Geometric analysis of the spontaneous electrical activity in anterior pituitary corticotrophs

Abstract

Pituitary cells are electrically excitable. A core set of intracellular ion channels cooperate in providing the basic conditions for the generation of electro-excitable patterns. Although much data have been accumulated on electrophysiological recordings of corticotrophs, there is an unclear triggering relationship between the secretory function of the cells and the electrical activity pattern. Fletcher et al. established a conductance-based 6-dimensional mathematical model to capture the detailed features of three spontaneous firing activities observed in electrophysiological experiments.
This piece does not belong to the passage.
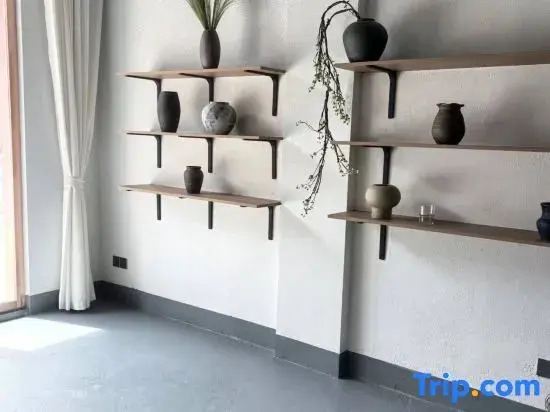 Yiningju Homestay (Huangyao Ancient Town Branch)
This paper employs eigenvalue analysis and curve fitting to simplify the original model to a 4-dimensional one. The simplified model maintains many aspects of the firing activity of the original model. Then, considering the development of system variables on multiple time scales, the geometric singular perturbation theory and fast/slow analysis are utilized to observe the system's intrinsic transients and the long-term evolution of each attractor from a multi-geometric perspective. In particular, singular periodic orbits of the corticotropic model are constructed to explore the dynamic mechanism of cells firing. The dynamic mechanism of mixed-mode oscillations in this model is also revealed. The analysis helps us gain insight into the corticotrophs model from a low-dimensional subsystem and provides a new perspective on the origin of cellular spontaneous firing activity.